Il meteorite non si presenta come un tipico corpo celeste, ma come una piccola sferula rinvenuta da un collezionista sul Monte Gariglione in Calabria, la cui superficie metallizzata ne ha suscitato la curiosità. Dopo essere stato inviato all’Università di Bari per l’analisi, la sua natura extraterrestre è stata confermata. Questo frammento è ora custodito presso il Museo di Scienze della Terra dell’ateneo barese.
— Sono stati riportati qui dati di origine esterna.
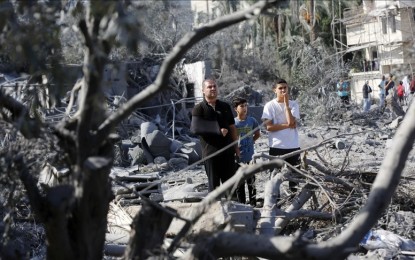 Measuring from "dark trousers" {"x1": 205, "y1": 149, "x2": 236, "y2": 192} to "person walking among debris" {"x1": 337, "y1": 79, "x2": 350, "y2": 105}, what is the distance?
1539cm

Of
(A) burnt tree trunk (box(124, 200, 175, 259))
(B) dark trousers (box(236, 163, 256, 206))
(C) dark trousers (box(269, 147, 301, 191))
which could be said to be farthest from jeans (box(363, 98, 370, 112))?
(A) burnt tree trunk (box(124, 200, 175, 259))

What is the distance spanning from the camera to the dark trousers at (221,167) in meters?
6.53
Un’indagine complessa ha richiesto la collaborazione di specialisti del dipartimento di Scienze della Terra e Geoambientali dell’Università di Bari, tra cui Daniela Mele, Gioacchino Tempesta e Floriana Rizzo, nonché del dipartimento di Scienze della Terra dell’Università di Firenze, rappresentato da Luca Bindi e Tiziano Catelani, e dell’Agenzia Spaziale Italiana, con Paola Manzari. Luca Bindi ha confermato l’esistenza del quasicristallo, un materiale precedentemente identificato in un altro meteorite e ora esposto nel museo di Storia Naturale dell’Università di Firenze. La scoperta del quasicristallo, avvenuta per la prima volta nel 1982 da Daniel Shechtman, poi premiato con il Nobel per la Chimica nel 2011, segna l’emergere di un nuovo tipo di materia precedentemente ignota sulla Terra.
I quasicristalli
Bindi, riflettendo sulla storia del quasicristallo, ricorda di aver dimostrato l’esistenza naturale di questo materiale quindici anni fa, con la scoperta del primo quasicristallo in un campione meteoritico conservato a Firenze. Questo nuovo ritrovamento in Calabria, distante migliaia di chilometri dal primo, amplia ulteriormente la comprensione di tali materiali.
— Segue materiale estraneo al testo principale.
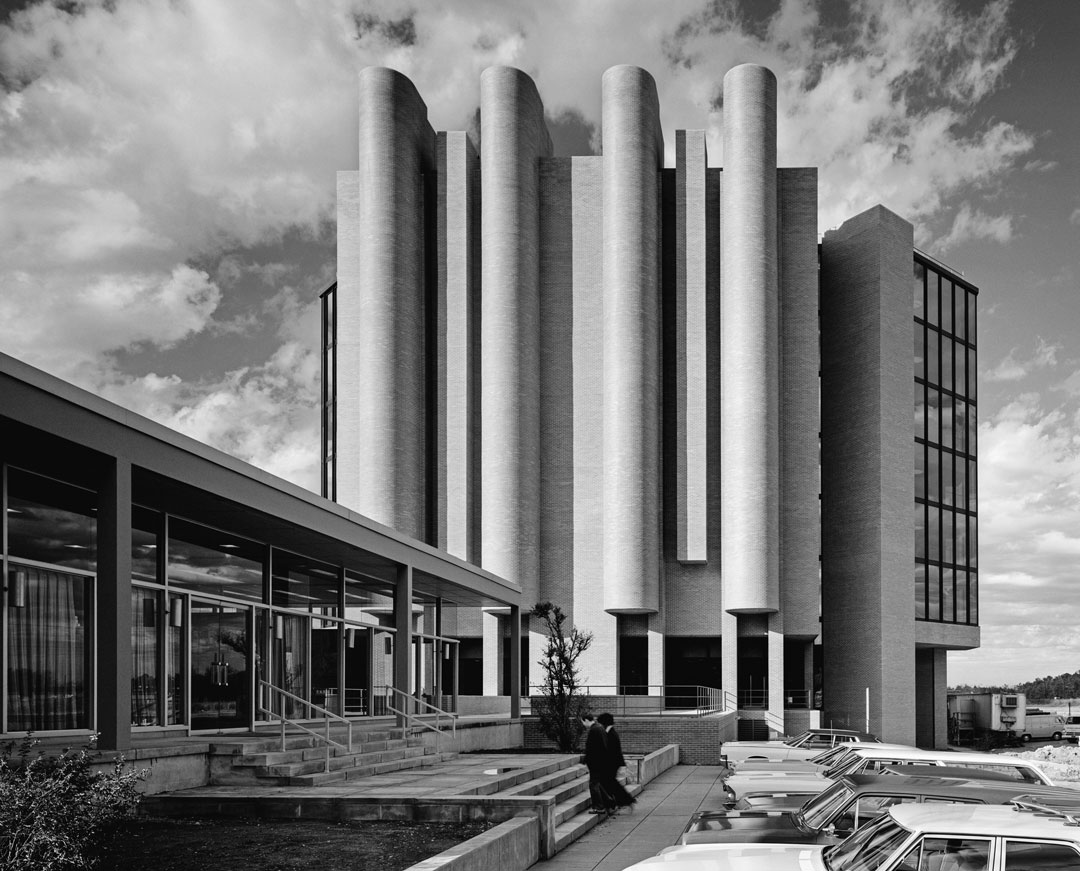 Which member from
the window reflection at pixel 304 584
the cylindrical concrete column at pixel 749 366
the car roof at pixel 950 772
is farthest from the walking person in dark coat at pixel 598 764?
the cylindrical concrete column at pixel 749 366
Paola Manzari evidenzia l’importanza della ricerca, sottolineando come essa apra le porte a un universo ancora esplorato di fasi mineralogiche a scala nanometrica nei materiali extraterrestri, offrendo nuove prospettive sulle origini dei materiali primordiali e sui meccanismi di formazione del Sistema Solare. Anche Giuseppe Mastronuzzi, direttore del dipartimento di Scienze della Terra e Geoambientali dell’Università di Bari, ribadisce l’importanza della scoperta non solo per la mineralogia e le scienze planetarie, ma anche per la fisica e la chimica dello stato solido, confermando la possibilità che i quasicristalli si formino spontaneamente in natura e rimangano stabili per periodi geologici.